Below are records to be copied exactly; their pictures are to be omitted.

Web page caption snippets
=-=-=-=-=

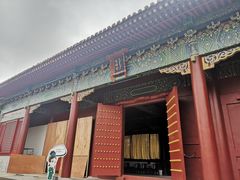 -横店影视城明清宫苑园区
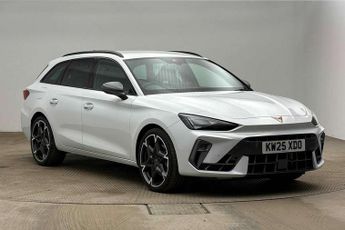 Cupra Leon 1.5 TSI 150 V2 5dr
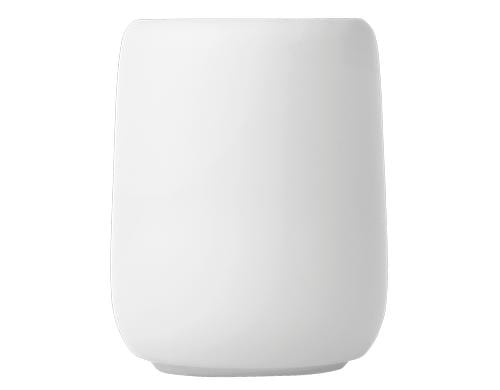 Blomus Zahnputzbecher Sono Material: Keramik, Weiss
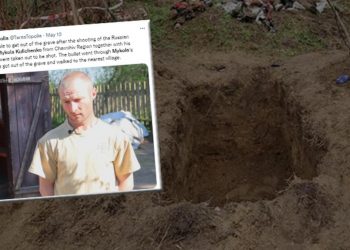 Rusya’nın öldüremediği adam… Kardeşlerinin cesetleri ile canlı diri gömüldü!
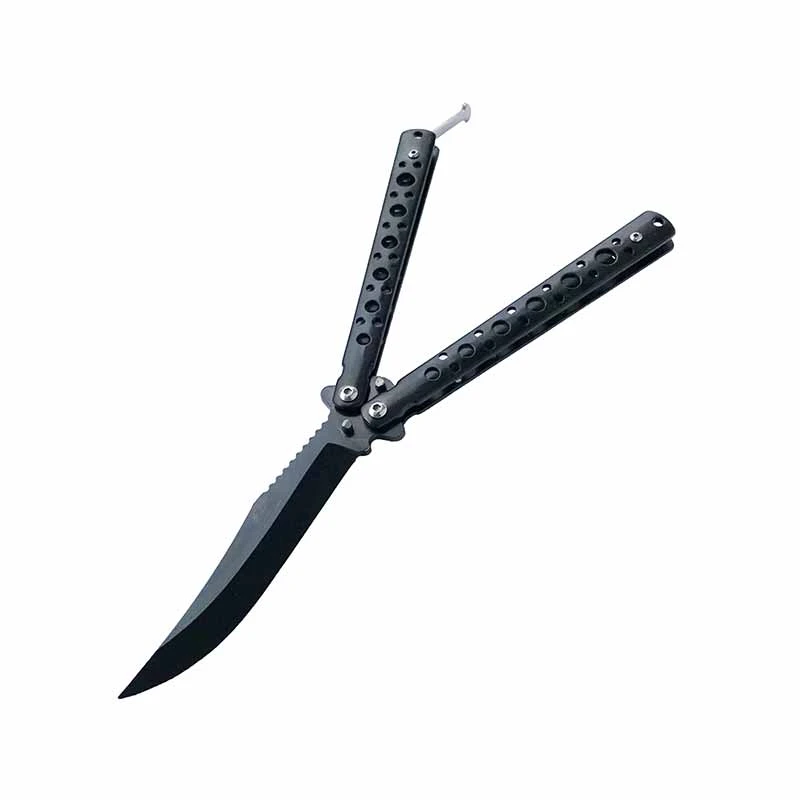 

Personality Creative Car Stickers for Butterfly Knife Camper Truck Decal JDM Accessories Body Auto Decoration Waterproof 13*9cm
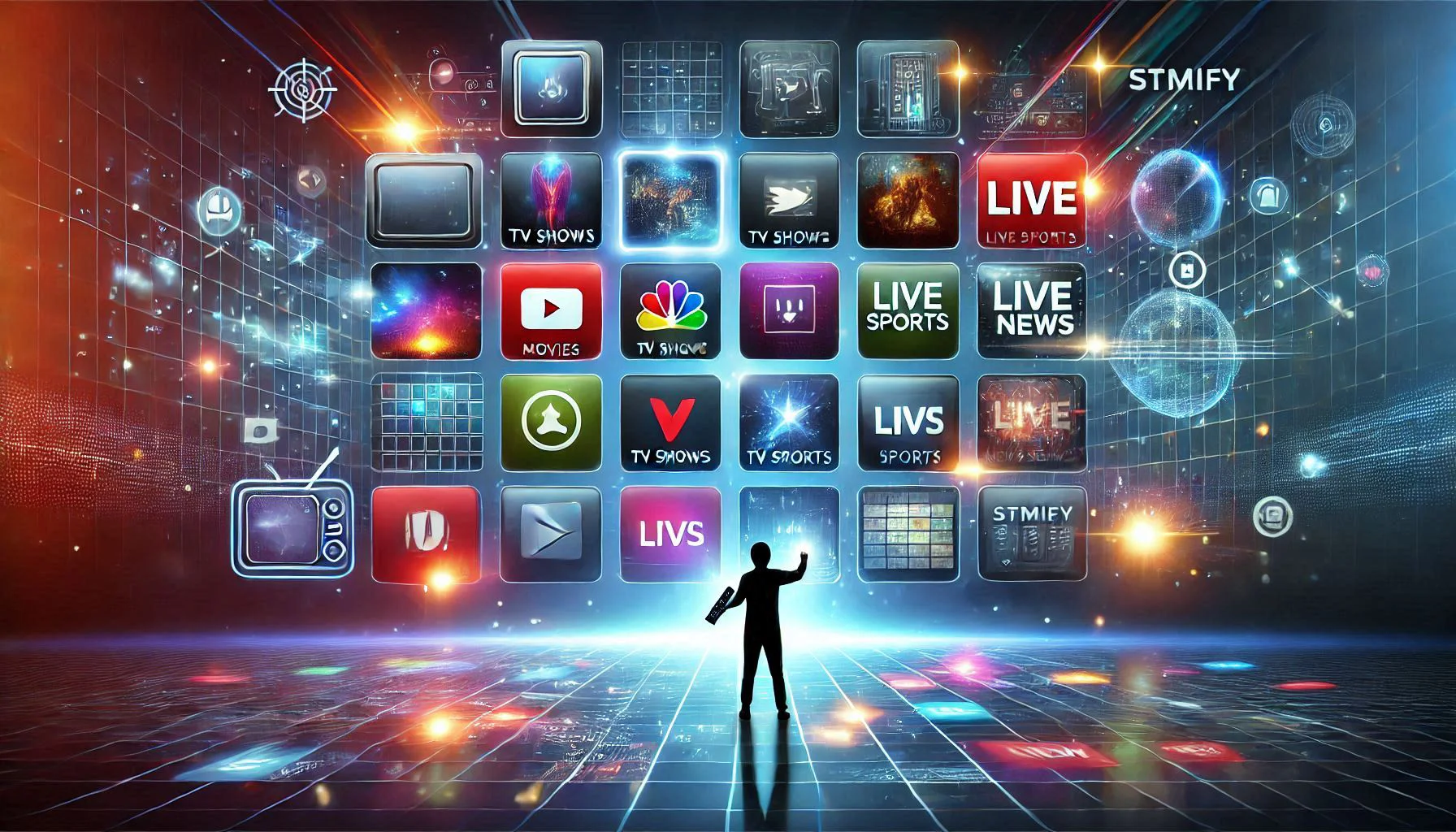 Stmify Streaming Platform: Revolutionizing Your Viewing Experience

=-=-=-=-=

▶ Task result
 -横店影视城明清宫苑园区
 Cupra Leon 1.5 TSI 150 V2 5dr
 Blomus Zahnputzbecher Sono Material: Keramik, Weiss
 Rusya’nın öldüremediği adam… Kardeşlerinin cesetleri ile canlı diri gömüldü!

Personality Creative Car Stickers for Butterfly Knife Camper Truck Decal JDM Accessories Body Auto Decoration Waterproof 13*9cm
 Stmify Streaming Platform: Revolutionizing Your Viewing Experience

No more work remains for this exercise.